• _Supplied material_
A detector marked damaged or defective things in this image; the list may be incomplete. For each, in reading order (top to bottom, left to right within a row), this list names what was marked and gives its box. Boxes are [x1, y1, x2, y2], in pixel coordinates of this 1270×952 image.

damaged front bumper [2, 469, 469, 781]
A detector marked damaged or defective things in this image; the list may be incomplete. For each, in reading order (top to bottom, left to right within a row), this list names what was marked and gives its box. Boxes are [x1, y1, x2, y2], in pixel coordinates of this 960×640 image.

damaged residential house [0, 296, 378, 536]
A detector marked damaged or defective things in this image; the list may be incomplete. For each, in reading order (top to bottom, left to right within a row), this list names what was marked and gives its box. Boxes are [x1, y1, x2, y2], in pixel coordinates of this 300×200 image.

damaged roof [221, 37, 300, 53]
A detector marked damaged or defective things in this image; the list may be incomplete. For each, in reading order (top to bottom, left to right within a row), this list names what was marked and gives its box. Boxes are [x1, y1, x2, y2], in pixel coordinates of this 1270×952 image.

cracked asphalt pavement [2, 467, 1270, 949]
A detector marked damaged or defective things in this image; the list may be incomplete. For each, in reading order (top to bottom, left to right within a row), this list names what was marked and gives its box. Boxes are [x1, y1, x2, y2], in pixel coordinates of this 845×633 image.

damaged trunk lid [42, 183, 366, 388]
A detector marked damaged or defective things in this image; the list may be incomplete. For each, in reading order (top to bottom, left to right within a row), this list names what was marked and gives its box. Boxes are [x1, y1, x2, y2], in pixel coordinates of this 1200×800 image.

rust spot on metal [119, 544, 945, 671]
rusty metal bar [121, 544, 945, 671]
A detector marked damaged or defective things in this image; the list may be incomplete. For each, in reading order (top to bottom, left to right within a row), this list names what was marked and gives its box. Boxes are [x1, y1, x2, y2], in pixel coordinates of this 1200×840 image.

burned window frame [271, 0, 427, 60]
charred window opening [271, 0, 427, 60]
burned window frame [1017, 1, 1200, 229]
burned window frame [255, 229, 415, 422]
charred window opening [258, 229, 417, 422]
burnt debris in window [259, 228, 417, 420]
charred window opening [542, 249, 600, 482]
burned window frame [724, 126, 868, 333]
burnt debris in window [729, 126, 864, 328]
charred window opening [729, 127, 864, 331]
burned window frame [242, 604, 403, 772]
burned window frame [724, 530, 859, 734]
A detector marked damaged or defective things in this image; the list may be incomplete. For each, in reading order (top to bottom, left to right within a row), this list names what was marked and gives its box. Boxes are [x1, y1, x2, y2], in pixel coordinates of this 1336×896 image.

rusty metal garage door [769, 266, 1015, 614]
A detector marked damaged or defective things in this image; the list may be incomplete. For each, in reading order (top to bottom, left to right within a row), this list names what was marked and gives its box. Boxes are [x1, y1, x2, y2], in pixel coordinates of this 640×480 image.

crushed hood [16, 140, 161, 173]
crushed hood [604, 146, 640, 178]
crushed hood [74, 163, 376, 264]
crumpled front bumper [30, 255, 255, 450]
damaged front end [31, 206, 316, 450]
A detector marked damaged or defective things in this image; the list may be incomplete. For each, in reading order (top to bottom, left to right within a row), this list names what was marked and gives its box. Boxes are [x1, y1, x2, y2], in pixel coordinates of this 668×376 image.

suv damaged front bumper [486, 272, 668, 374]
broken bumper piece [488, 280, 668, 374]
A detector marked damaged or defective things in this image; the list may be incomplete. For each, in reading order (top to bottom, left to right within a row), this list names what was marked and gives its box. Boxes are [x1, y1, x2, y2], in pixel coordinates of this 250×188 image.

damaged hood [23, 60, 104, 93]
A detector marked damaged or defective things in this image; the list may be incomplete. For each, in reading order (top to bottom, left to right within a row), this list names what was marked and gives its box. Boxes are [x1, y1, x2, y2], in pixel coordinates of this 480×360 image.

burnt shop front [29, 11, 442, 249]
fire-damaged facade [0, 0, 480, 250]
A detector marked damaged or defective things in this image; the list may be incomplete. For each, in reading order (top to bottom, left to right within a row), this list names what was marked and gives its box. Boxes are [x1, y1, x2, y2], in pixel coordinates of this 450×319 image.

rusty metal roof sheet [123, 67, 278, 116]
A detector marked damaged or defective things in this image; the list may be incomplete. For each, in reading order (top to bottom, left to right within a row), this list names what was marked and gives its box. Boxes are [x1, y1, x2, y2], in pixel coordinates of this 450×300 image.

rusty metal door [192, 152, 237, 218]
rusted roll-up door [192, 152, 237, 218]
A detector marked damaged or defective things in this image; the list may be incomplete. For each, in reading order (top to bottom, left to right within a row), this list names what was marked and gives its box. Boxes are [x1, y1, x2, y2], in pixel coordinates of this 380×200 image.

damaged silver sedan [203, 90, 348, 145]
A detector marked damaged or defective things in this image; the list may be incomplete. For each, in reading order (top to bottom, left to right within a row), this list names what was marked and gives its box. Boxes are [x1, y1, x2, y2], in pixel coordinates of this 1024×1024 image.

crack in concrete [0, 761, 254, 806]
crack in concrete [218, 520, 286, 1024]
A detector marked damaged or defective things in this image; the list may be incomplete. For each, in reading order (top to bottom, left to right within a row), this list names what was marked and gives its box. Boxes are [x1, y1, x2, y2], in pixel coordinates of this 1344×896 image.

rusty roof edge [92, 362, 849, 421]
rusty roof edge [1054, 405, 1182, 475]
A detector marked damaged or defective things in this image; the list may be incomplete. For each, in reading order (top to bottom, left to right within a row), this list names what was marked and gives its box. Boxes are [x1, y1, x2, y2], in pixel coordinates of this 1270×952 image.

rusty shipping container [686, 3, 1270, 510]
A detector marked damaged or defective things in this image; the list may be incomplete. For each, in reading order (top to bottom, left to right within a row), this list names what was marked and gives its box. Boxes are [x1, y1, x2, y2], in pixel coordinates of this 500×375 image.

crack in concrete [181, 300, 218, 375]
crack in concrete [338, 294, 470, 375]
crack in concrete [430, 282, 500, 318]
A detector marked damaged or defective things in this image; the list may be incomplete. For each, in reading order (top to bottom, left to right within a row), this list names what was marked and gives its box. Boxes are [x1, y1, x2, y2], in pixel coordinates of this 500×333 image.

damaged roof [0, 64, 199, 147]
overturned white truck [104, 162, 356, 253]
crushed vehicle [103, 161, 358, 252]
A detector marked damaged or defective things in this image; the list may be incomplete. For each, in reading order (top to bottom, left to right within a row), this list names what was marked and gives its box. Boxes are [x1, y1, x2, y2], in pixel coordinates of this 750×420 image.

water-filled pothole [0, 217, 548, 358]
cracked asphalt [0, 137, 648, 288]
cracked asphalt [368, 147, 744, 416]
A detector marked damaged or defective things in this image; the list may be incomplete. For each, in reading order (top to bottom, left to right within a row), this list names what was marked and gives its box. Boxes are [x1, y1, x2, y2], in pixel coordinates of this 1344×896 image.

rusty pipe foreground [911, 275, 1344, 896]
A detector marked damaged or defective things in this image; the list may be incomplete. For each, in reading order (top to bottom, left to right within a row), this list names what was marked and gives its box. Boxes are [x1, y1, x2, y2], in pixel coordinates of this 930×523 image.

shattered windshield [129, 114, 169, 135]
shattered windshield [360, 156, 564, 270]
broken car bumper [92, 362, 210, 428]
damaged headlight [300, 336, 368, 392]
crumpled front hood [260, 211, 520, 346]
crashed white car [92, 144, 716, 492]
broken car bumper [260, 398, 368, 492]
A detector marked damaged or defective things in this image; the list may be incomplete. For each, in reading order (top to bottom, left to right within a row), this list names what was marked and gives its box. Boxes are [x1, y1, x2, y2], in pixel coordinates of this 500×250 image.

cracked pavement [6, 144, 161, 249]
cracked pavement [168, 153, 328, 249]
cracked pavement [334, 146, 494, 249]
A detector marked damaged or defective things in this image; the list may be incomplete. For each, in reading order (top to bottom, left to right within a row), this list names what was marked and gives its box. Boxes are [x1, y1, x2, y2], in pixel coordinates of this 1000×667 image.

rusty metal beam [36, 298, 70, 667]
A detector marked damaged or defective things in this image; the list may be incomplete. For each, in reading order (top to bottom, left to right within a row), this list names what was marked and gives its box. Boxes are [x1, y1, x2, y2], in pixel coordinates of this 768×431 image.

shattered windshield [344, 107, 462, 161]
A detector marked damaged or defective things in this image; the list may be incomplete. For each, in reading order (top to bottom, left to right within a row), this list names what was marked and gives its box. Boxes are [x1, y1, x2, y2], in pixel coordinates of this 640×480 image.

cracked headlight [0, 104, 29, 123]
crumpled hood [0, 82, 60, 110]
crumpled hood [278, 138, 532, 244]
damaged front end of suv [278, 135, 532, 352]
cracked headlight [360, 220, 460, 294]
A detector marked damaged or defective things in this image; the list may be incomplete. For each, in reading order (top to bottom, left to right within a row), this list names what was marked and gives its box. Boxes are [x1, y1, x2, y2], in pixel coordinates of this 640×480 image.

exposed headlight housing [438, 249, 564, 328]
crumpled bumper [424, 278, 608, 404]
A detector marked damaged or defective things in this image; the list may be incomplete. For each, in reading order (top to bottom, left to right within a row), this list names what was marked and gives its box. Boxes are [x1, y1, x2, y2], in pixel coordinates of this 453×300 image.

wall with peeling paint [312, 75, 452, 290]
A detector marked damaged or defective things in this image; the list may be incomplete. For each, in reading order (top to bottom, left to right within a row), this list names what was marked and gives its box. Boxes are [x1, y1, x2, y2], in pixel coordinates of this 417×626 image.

• _Exercise objective_
Your task is to copy exactly, and only, the lines from the line with "this 453×300 image." through the last line of the entries, both included.

• _Response below_
A detector marked damaged or defective things in this image; the list may be incomplete. For each, in reading order (top to bottom, left to right within a row), this list names what was marked and gives its box. Boxes are [x1, y1, x2, y2], in pixel coordinates of this 453×300 image.

wall with peeling paint [312, 75, 452, 290]
A detector marked damaged or defective things in this image; the list may be incomplete. For each, in reading order (top to bottom, left to right within a row), this list names what was marked and gives its box. Boxes are [x1, y1, x2, y2], in pixel coordinates of this 417×626 image.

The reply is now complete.